We decided to do the last (awards) weekend of the Festival, arriving that Thursday night. By the time we left on Monday AM, I had seen 11 films Friday to Sunday. YOWZA. It was so great. Highlights included:

Ah, the joys of Lars von Trier. Every time I watch a von Trier film, I say in the beginning, "Wow, he really hates women." By the end, I say, "Wow, he really hates EVERYBODY. He is disappointed in the whole human race." That said, Dogville is a very strong work. What I have to admire about von Trier is that nobody walks out and says, "Eh." You either like it or you feel violently opposed to it. There's no middle ground.

The Five Obstructions
Everything I said about von Trier above is true...except when speaking of The Five Obstructions. This is a film that defies categorization. It might be a documentary, but it's hard to say. Von Trier took one of his film directing idols, Jurgen Leth, and made him remake one of his early successes five times, each time placing tremendous challenges in Leth's way. He has to do it in what he finds to be personally the scariest place on earth, he has to do it with only a specified number of frames between edits, he has to do it as an animation (which he loathes) and so on. The film is indescribable, but it is also strangely new and wonderful. It leaves you with a tremendous admiration for Leth and ultimately for the twisted von Trier. These are creative people who push themselves to the limit.

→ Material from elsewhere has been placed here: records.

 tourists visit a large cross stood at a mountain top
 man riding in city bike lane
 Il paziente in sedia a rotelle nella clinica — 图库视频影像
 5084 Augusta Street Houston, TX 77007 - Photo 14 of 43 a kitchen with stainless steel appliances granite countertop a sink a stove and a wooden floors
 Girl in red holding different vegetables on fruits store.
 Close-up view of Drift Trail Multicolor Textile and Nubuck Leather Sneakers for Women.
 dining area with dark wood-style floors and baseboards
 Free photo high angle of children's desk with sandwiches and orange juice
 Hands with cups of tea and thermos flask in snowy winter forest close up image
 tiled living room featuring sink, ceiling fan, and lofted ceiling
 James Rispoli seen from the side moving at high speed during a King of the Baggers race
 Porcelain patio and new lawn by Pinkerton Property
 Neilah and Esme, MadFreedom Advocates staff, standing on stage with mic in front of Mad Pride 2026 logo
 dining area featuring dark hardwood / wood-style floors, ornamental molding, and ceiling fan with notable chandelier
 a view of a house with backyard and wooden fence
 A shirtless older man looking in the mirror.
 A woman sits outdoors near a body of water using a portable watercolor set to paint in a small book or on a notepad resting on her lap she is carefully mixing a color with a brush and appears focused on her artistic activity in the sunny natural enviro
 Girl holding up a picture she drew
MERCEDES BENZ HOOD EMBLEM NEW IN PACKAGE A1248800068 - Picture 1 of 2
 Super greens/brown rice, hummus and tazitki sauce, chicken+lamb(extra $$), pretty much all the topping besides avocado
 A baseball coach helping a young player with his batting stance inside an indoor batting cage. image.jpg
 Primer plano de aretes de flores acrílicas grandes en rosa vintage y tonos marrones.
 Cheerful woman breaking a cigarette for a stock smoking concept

The latest no-budget, science fiction breakout (e.g., Pi) and the winner of its category. You'll be seeing this one eventually. Again, a wonderfully creative mindbender that shows just how much you can do with your parents house, a motel, an office building and a rented "u-stor-it" storage space. Time travel, stock market schemes and murderous betrayal. Gotta love it...if you can follow it.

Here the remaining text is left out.